Au cœur de cet Artaserse, source de tout le goût de cet opéra, se trouve une distribution tout autant exceptionnelle que variée. Le pari de Parnassus à été de reconstituer le son d’origine avec une troupe exclusivement masculine.  En effet, en 1730 les théâtres romains étaient encore sous l’interdiction pontificale de toute présence féminine sur leurs scènes. Si à la lecture de certains noms on gardait certaines réserves, nous avons été très agréablement surpris par les progrès de certains jeunes contre-ténors montants.

Le rôle-titre et la pochette plumassière sont dévolus à Philippe Jaroussky. Assez satisfaisant dans ce rôle finalement assez fade qui n’a que des airs de circonstance, une sorte de personnage hiératique sans beaucoup de personnalité. Philippe Jaroussky développe aisément son timbre immuable, il incarne finalement bien la statue d’Artaserse.

Face à lui,  le personnage bien plus complexe d’Arsace se taille la part du lion dans la partition. Franco Fagioli est tout simplement phénoménal !  Il se révèle une des voix les plus exceptionnelles de ces vingt dernières années. Après avoir surpassé largement Vivica Genaux dans l’air “Parto qual pastorello” dans son incarnation du même Arsace dans l’Artaserse de Hasse à Martina Franca cet été,  Franco Fagioli fait exploser le cadre et nous offre une véritable myriade d’émotions et de couleurs dans le “Vo solcando un mar crudele” point d’orgue de la philosophie initiatique métastasienne. Franco Fagioli se révèle imaginatif dans ses ornements qu’il équilibre parfaitement.  Il atteint des aigus puissants sans faillir au timbre et descends dans des graves veloutés. De notre temps, il est certain, que les seuls interprètes qui peuvent solidement et humainement s’attaquer à ce répertoire virtuose particulier sont : Franco Fagioli et Vivica Genaux.

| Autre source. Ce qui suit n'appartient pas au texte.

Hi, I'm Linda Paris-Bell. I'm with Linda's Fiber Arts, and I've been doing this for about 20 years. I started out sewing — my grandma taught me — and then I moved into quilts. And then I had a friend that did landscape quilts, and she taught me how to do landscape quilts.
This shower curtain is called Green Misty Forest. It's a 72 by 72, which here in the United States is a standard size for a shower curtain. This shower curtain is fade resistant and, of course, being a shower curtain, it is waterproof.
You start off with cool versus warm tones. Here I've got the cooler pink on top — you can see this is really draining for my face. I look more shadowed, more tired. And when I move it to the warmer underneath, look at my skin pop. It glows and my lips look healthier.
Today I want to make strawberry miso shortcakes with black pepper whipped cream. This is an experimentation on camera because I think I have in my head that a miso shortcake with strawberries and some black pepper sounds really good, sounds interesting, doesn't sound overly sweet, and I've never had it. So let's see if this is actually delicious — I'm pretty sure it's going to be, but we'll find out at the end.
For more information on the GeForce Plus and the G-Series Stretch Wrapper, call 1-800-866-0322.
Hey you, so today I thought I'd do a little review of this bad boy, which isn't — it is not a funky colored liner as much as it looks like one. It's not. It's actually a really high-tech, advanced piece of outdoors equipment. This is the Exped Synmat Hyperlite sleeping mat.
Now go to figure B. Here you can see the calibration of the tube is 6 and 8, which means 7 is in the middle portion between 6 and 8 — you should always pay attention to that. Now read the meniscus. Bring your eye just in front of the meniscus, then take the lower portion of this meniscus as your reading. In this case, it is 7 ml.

Attardons nous sur la Mandane de Max-Emmanuel Cencic. Le contre ténor ne nous avait pas vraiment convaincu dans son Farnace de Vivaldi.  Par contre, il nous a ravi avec son Faramondo de Haendel et bien entendu avec son Joachim dans la Susannah du grand Saxon avec William Christie.  Ici Max Emmanuel déploie une palette étonnante dans une partition axée sur le dramatisme au féminin. Une sorte à la fois de retenue et de virtuosité qu’il dose jusqu’à l’extase pour notre plus grand bonheur. Les couleurs de sa voix s’adaptent tellement bien à son rôle que nous pourrions hasarder qu’il est un caméléon incroyable. Plus les couleurs sont sublimes, plus la partition est chatoyante, plus Max Emmanuel Cencic nous surprend par son interprétation. Les ornements sont intercalés avec intelligence et précision, les da capi sont inventifs et originaux, les aigus maîtrisés et stratosphériques, les graves nous surprennent par leur chaleur et leur grâce. Le contre-ténor nous ravit et nous comble de joie non seulement en tant qu’instigateur de ce sublime projet mais en tant qu’artiste. Max-Emmanuel Cencic poursuit sa route vers le Parnasse couronné d’Erato à chaque note qui sort de sa voix.

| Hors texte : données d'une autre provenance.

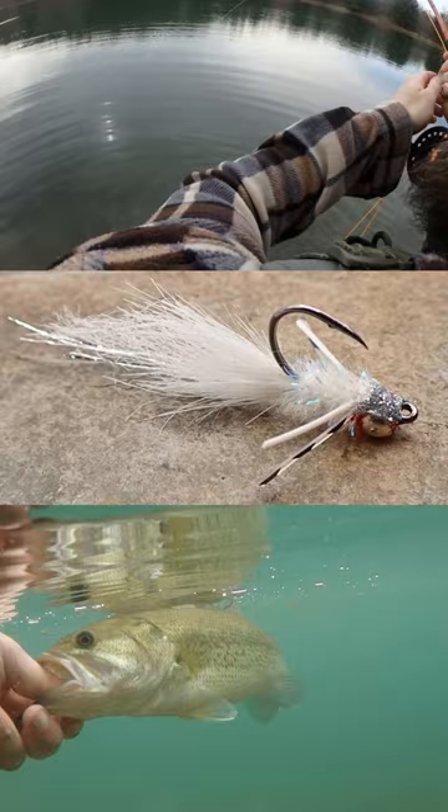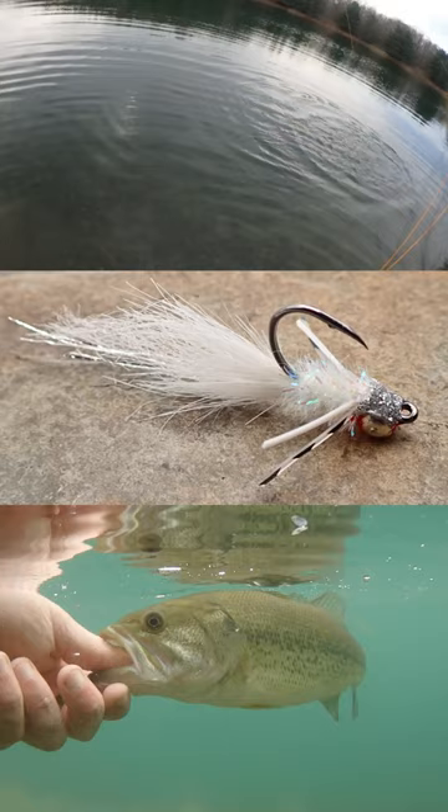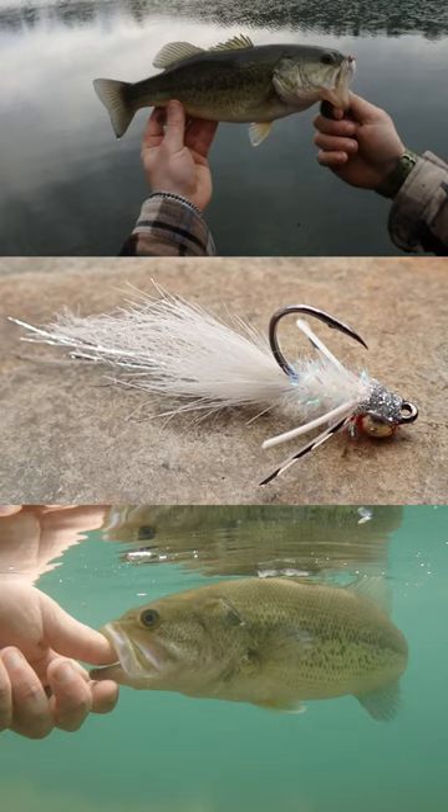There we go. Nice bass. Nice. That's a nice fish right there on that small little jig.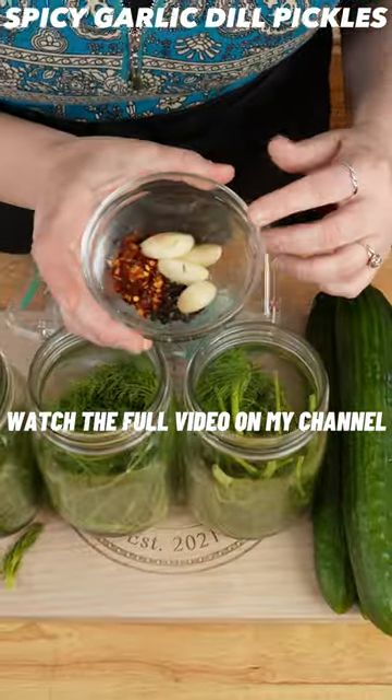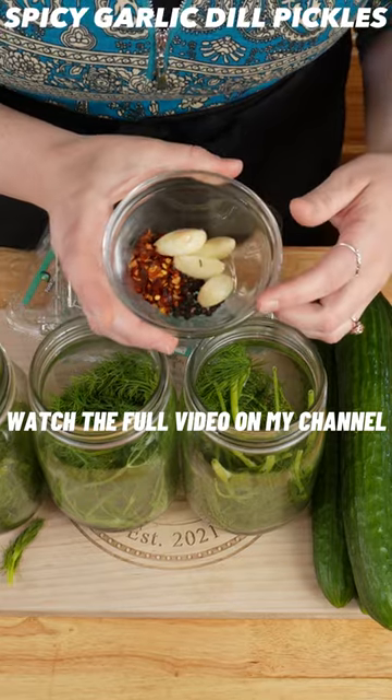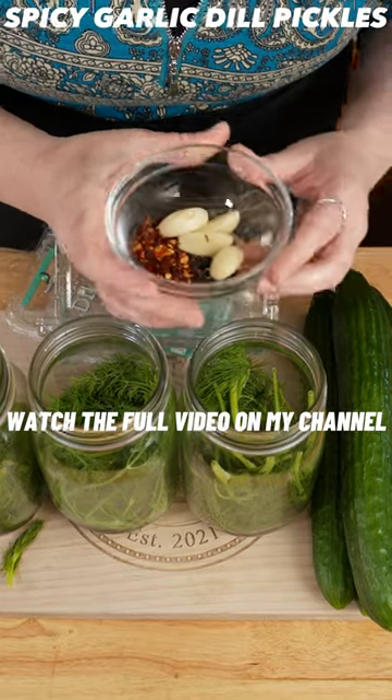I'm going to put dill, your spice blend, four cloves of garlic, a half a teaspoon of black peppercorns, and two teaspoons of red pepper flakes.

En grand rival de la morale métastasienne, repoussoir de toute vertu noble, l’Artabano de Daniel Behle est simplement spectaculaire. Nous n’allons pas nous livrer à une surenchère d’épithètes mais il est tellement rare de trouver un ténor qui puisse se livrer à des tels défis musicaux. Daniel Behle est à la fois funambuliste et alchimiste. Il avait déjà largement montré dans le Farnace de Vivaldi ses capacités de virtuose, mais le style Vivaldien ne laissait que très peu de marge à une réelle démonstration de son talent de coloriste.  Dès les premiers récitatifs, les choses sont fixées. Artabano est le personnage le plus politique, celui qui nous ressemble, qui calcule, qui se trompe et qui souffre et fait souffrir.  Du “Non ti son padre”  à l’incroyable “Amalo, e si al tuo sguardo” Daniel Behle est remarquable de complexité et de couleur.  Notamment dans le deuxième air aux accents péremptoires et cruels,  il fait une exposition des plus belles envolées de sa voix, équilibrée. Daniel Behle se révèle ici ce que devrait être le ténor idéal de l’opera séria : dramatique,  puissant, sensible et équilibré.

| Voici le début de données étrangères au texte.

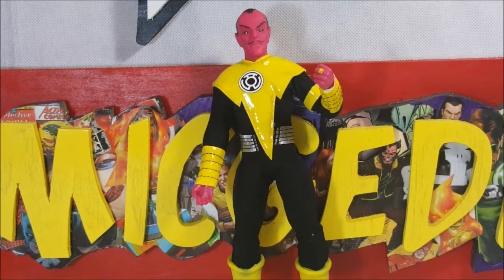Hey guys, welcome back to Comageddon TV where all geek culture collides. I'm Shannon, and today we're gonna be taking a look at the Retro Action DC Superheroes Sinestro by Mattel.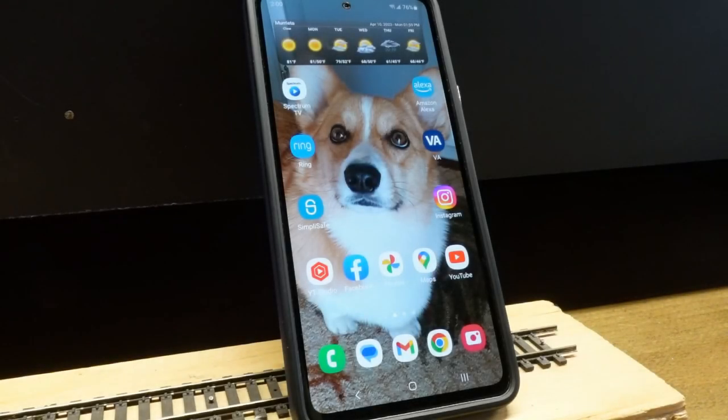Hey guys, another 'How I Do It' video. I was just poking around and trying different cell phone-based train throttles. I wanted to show you how to use your cell phone as an additional throttle — you don't have to play with JMRI or anything like that. Basically you just do everything on your phone.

Dans le rôle de la très jeune Sémira, nous retrouvons la nouvelle étoile montante des contre-ténors Valer Barna-Sabadus. S’il est bien vrai qu’à l’inverse d’une partie de la rédaction, nous avions détesté profondément son interprétation de la Didone Abbandonata de Hasse qui fut déformée par un abatage médiatico-matrixien (sous le titre passablement ridicule de “Hasse reloaded”). Et bien oui, nous l’avouons humblement, par son interprétation de la Sémira, Valer Barna-Sabadus nous a éblouis ! Il nous reconcilie totalement avec son timbre et sa personnalité artistique.  Et pourtant nous l’attendions au tournant avec l’air “Bramar di perdere” qui est un de nos airs préférés. Le jeune contre-ténor roumain nous a émus bien plus que d’autres interprètes, il saisit le texte avec une simplicité telle qu’il lui donne toute sa profondeur. Nous encourageons ce talentueux artiste à poursuivre la route du sentiment et nous acceptons que nous l’avons jugé un peu trop vite.  Un conseil néanmoins, Valer Barna-Sabadus devrait, nonobstant, soigner son répertoire pour éviter de sombrer à nouveau dans une inadéquation pénible comme celle de la Didone, avec sa Sémira il a démontré sa réelle valeur, qu’il nous émerveille à nouveau !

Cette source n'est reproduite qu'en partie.